Et si nous reparlions de la rupture conventionnelle du contrat de travail ?
Depuis de nombreux mois je ne cesse de dénoncer les risques de détournement et de dévoiement du dispositif de la rupture conventionnelle porté sur les fonts baptismaux par Laurence Parisot .
Aujourd'hui et je ne m'en réjouis pas force est de constater que mes craintes étaient fondées car les chiffres publiés par le ministère du Travail sont inquiétants :
- juin 2010 niveau historique du nombre de ruptures conventionnelles : 24.194 ( 19.502 en mai 2010, 20.293 en avril 2010 et 20.553 en mars 2010)
- soit une hausse du nombre de rupture de 24% sur un an
- plus de 350.000 ruptures conventionnelles ont été validées depuis la mise en place du dispositif
- 70% des salariés ayant signé une convention de rupture conventionnelle n'ont pas d'autre emploi ou solution de rechange et s'inscrivent à Pôle Emploi !
Selon une étude de la DARES cette forme de rupture du contrat de travail est "dans 3 cas sur 4 utilisée par les petits établissements, notamment ceux du commerce.
Au cours du premier semestre 2009, 75% des 80.000 ruptures conventionnelles ont été signées dans les établissements de moins de 50 salariés, alors que ceux-ci représentent moins de la moitié de l'emploi total.
Les +58 ans sont principalement concernés par cette forme de rupture du contrat de travail
Dans le dossier de mai 2010 des Liaisons Sociales intitulé « Les départs anticipés ne battent pas en retraite », où il est question de ces providentielles ruptures conventionnelles – entre guillemets dans le texte – la direction Champagne-Ardenne de Pôle emploi pointe qu'« en 2009, 23 % des chômeurs inscrits à l'issue d'une rupture conventionnelle étaient âgés de cinquante ans et plus alors que, tous motifs d'inscription confondus, les seniors représentent seulement 10 % de la demande d'emploi enregistrée au cours de la même période. »
Dans ces conditions peut- on encore affirmer que les ruptures conventionnelles sont "librement" consenties par les salariés ?
Dans la période de crise que nous connaissons, les cas où les salariés souhaitent quitter volontairement leur emploi parce qu'ils ont un autre emploi en perspective sont rares.

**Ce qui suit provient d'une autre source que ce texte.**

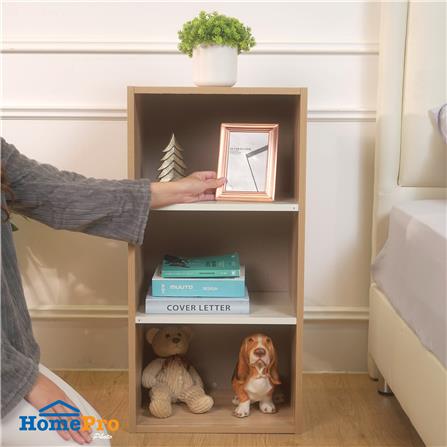 OPEN CABINET WITH 3 COMPARTMENTS FURDINI FINE WOOD GRAIN/WHITE CREAM FABRIC PATTERN [EXCLUSIVE FROM HOMEPRO THAILAND]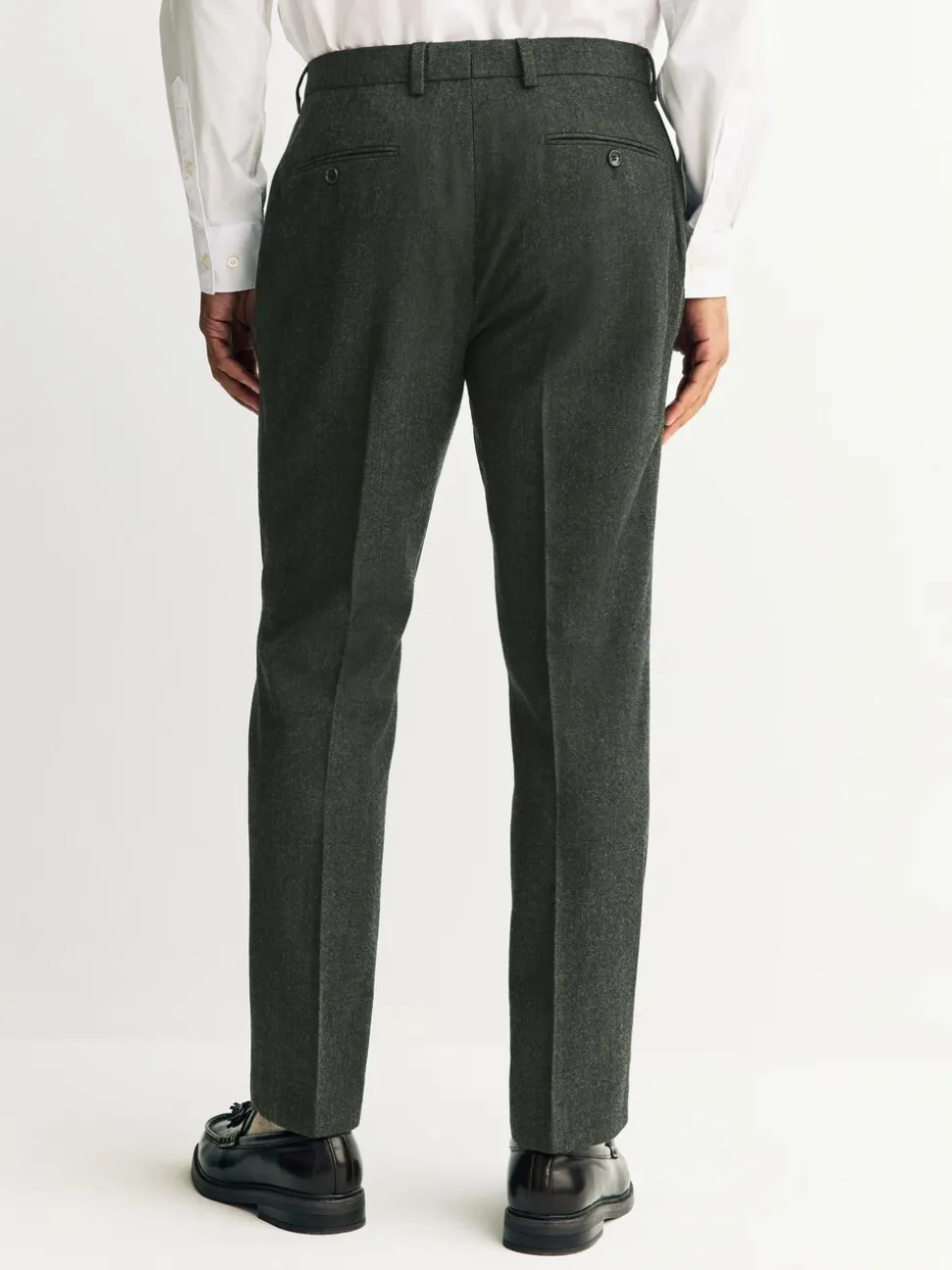 Green Tailored Fit Merino Wool Blend Suit Trousers
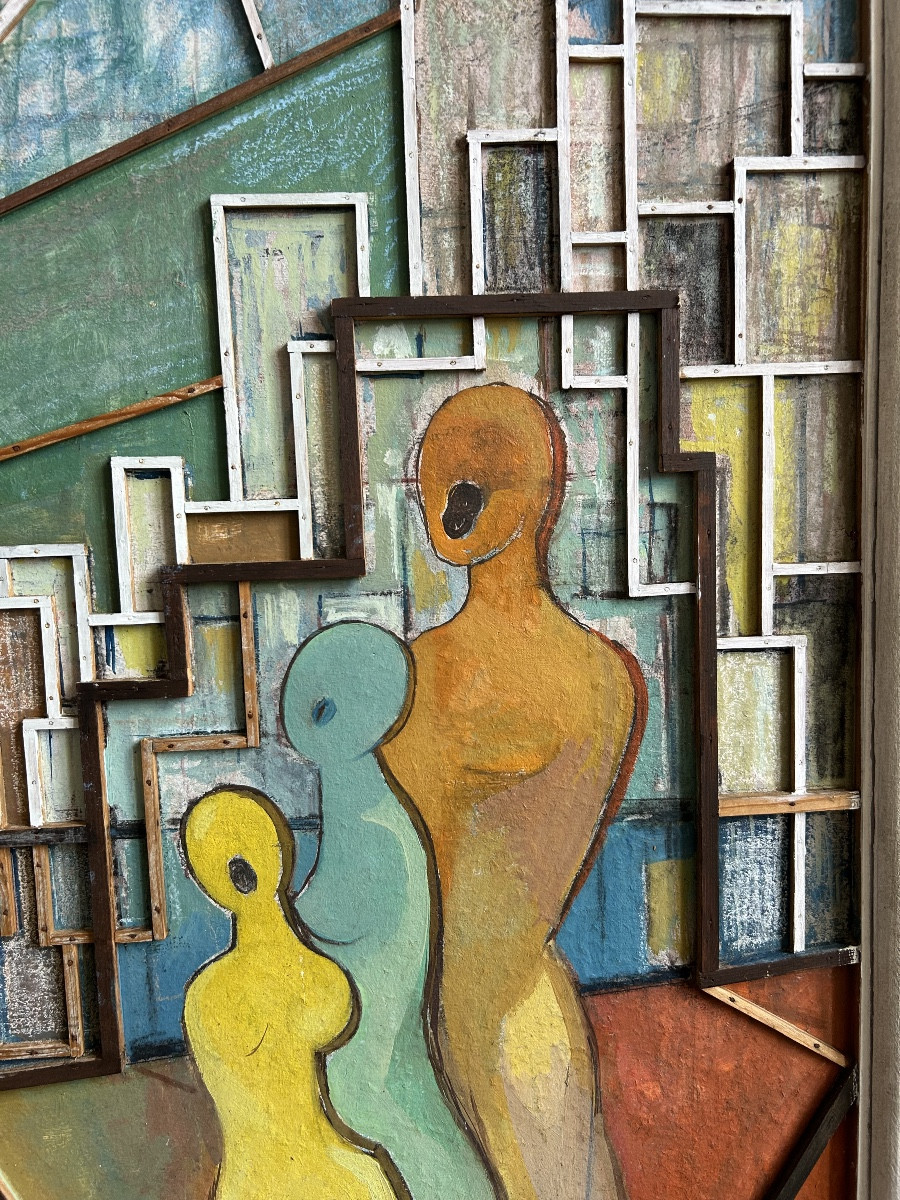 Large Mixed Media Painting (gouache, Wood, Pastel ...) By Louis Sala (1910/2009)-photo-3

Dans la majorité des cas, la rupture conventionnelle se fait à la demande et sous la pression de l'employeur en lieu et place d'une procédure pour licenciement pour faute ou d'un licenciement économique.
Le professeur Emmanuel Dockès voit dans la rupture conventionnelle « un puissant moyen d'écarter le droit du licenciement». « À la réflexion», dit-il, « cette évolution juridique est peut-être la plus dangereuse de toutes… la rupture conventionnelle pourrait marginaliser la pratique du licenciement à l'ancienne. L'exigence d'une cause réelle et sérieuse deviendrait alors, en pratique, une sorte d'exception, un cas marginal légèrement désuet ».
Dans le même temps, le ministère de l'emploi indique que la part des CDD dans les embauches représente environ 80% des embauches ! soit une augmentation de 10 points en un an au détriment des offres d'emploi en CDI.
L'intérim poursuit également sa progression.